A 1ª Vara Criminal da Comarca de Camaragibe expediu intimações para todos eles, para que ofereçam defesa por escrito. Após o prazo, será feito o agendamento da primeira audiência de instrução do processo.
Além dos dois tenentes-coronéis citados na reportagem, também viraram réus:
João Thiago Aureliano Pedrosa Soares, 1º tenente;
Paulo Henrique Ferreira Dias, soldado;
Leilane Barbosa Albuquerque, soldado;
Emanuel de Souza Rocha Júnior, soldado;
Dorival Alves Cabral Filho, cabo;
Fábio Júnior de Oliveira Borba, cabo;
Diego Galdino Gomes, soldado;
Janecleia Izabel Barbosa da Silva, cabo;
Eduardo de Araújo Silva, 2º sargento;
Cesar Augusto da Silva Roseno, 3º sargento.

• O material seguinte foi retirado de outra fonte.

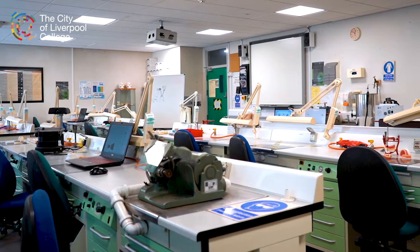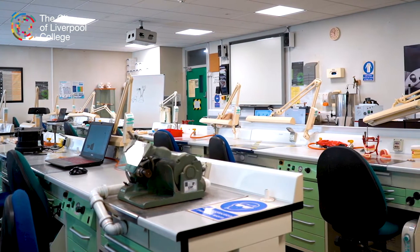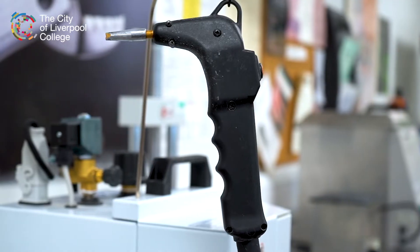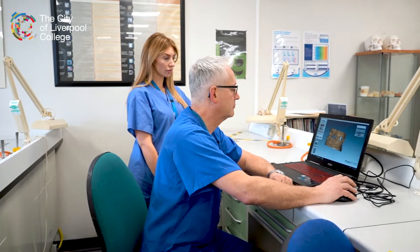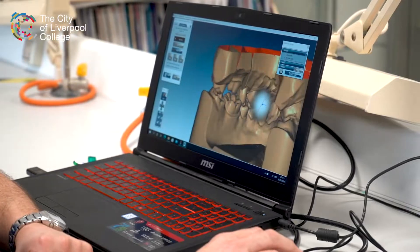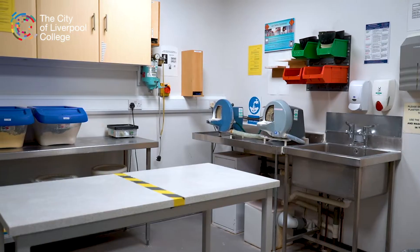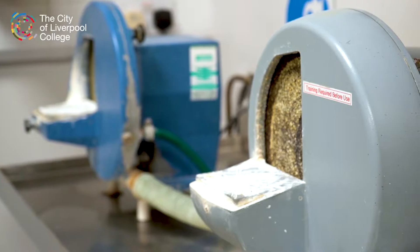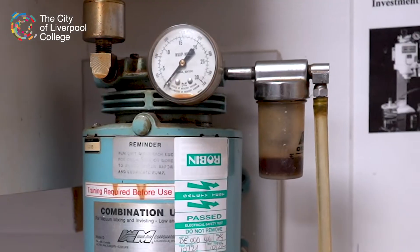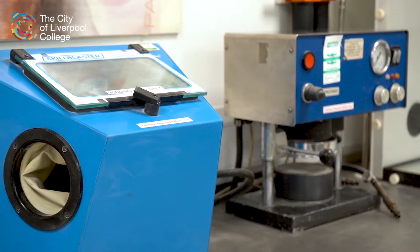We have all the equipment that you'd expect to find in most commercial dental laboratories. We've recently invested in CAD-CAM software, so we're using Cerec Mind on the Exocad system, and we're just awaiting delivery of 3D printers — Formlabs Form 3Bs. We're looking forward to integrating those into the course in the future.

Cinco desses policiais estão presos preventivamente: Paulo Henrique, Dorival Alves, Leilane Barbosa, Emanuel e Fábio Júnior. Os outros foram afastados dos cargos que ocupavam na época do crime, mas seguem trabalhando na PM.
Em nota, na última sexta-feira (8), a assessoria da SDS argumentou que aguarda a notificação da Justiça sobre o processo para que todos os envolvidos sejam afastados.
As defesas dos réus ainda não se pronunciaram sobre a denúncia do MPPE.
INVESTIGAÇÕES EM ANDAMENTO
O MPPE e a Polícia Civil seguem investigando o caso, porque Alex e outros familiares também foram assassinados.
Por volta das 9h de 15 de setembro, os corpos da mãe de Alex, Maria José Pereira da Silva, e da esposa dele, Maria Nathalia Campelo do Nascimento, 27, foram achados num canavial na cidade de Paudalho, Mata Norte do Estado.
Duas horas depois, Alex foi morto em Tabatinga. A PM alegou que houve uma abordagem e que ele teria reagido, resultando na troca de tiros.
A Polícia Civil e o MPPE também precisam esclarecer como foi a dinâmica das mortes dos PMs. Havia uma suspeita de que Alex poderia ter contado com ajuda de outra pessoa.
Não há prazo para conclusão das investigações e para o envio de novas denúncias à Justiça.
CORREGEDORIA DA SDS
Além das investigações criminais, os 12 réus no processo respondem a processos administrativos disciplinares na Corregedoria da SDS. Mas ainda não há prazo para conclusão dessas análises. O assunto, inclusive, é mantido com total sigilo.